JLL recently wrote a guide on how companies can plan for office re-entry, covering issues like how to reconfigure the office to accommodate social distancing, and using technology as part of this strategy.

Bridging the gap with technology

Srinivasan notes that workflows and ecosystems could look “radically different” in the future. “For example, during the pandemic, we are seeing increased demand for virtual site visits,” Srinivasan says. JLL itself uses Blackbird, a London-based provider of cloud computing solutions, to facilitate these visits. “Even before the pandemic, at JLL we had been making strategic investments in these areas to support our clients and transactions professionals and this is likely to only accelerate once the ‘next normal’ arrives,” Srinivasan says.

The pandemic has put more of a spotlight on the tech abilities of companies, who are either seeing the benefits of their technology platforms or finding gaps in their capabilities.

“The environment we find ourselves in now will prompt a rethink across every sphere, from smarter workplaces and buildings to smarter communities and cities,” says Srinivasan.

How work will change

Srinivasan anticipates that there will be more investment in virtual collaboration tools, but because people are social creatures, workspaces that take a hybrid approach that allows for both face-to-face interaction and virtual working is the most likely scenario, he says.

Remote working technology, robotics for health screening, Internet of Things technology, and unmanned vehicles will become more important for replacing some human interaction.

Commercial office spaces will feel an impact even as COVID-19 restrictions are gradually lifted. A four to six-phase re-entry process is likely for most companies, Srinivasan says, but some workers may not even return with those phases.

In JLL’s published guide, the firm notes companies could consider incorporating more touchless technology, redrawing floor plans and limiting desk sharing.

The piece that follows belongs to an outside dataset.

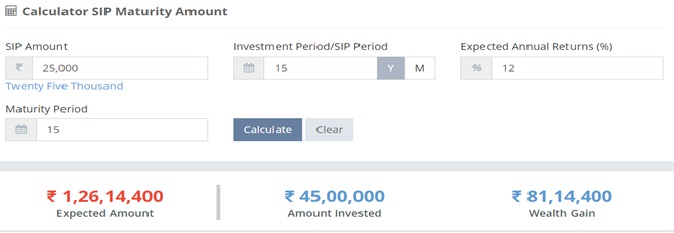 SIP Return calc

Companies can also use technology to monitor access and occupancy on their floors to control the density of spaces.

“Space demand will evolve as the pandemic response evolves and we move into a next normal ecosystem,” says Srinivasan. “There are several forces at play here, but there are two that impact space demand significantly. The workforce could be more open to remote work in the future. At the same time, social distancing norms could mean workspaces that are not as densely packed.” Both strategies would be responsible strategies for shaping office demand, Srinivasan notes.

Regardless of how the COVID-19 situation evolves, integrating digital technology will only continue to accelerate with commercial real estate operators and office spaces.

“As always, the most adaptable will thrive in the next normal,” Srinivasan says.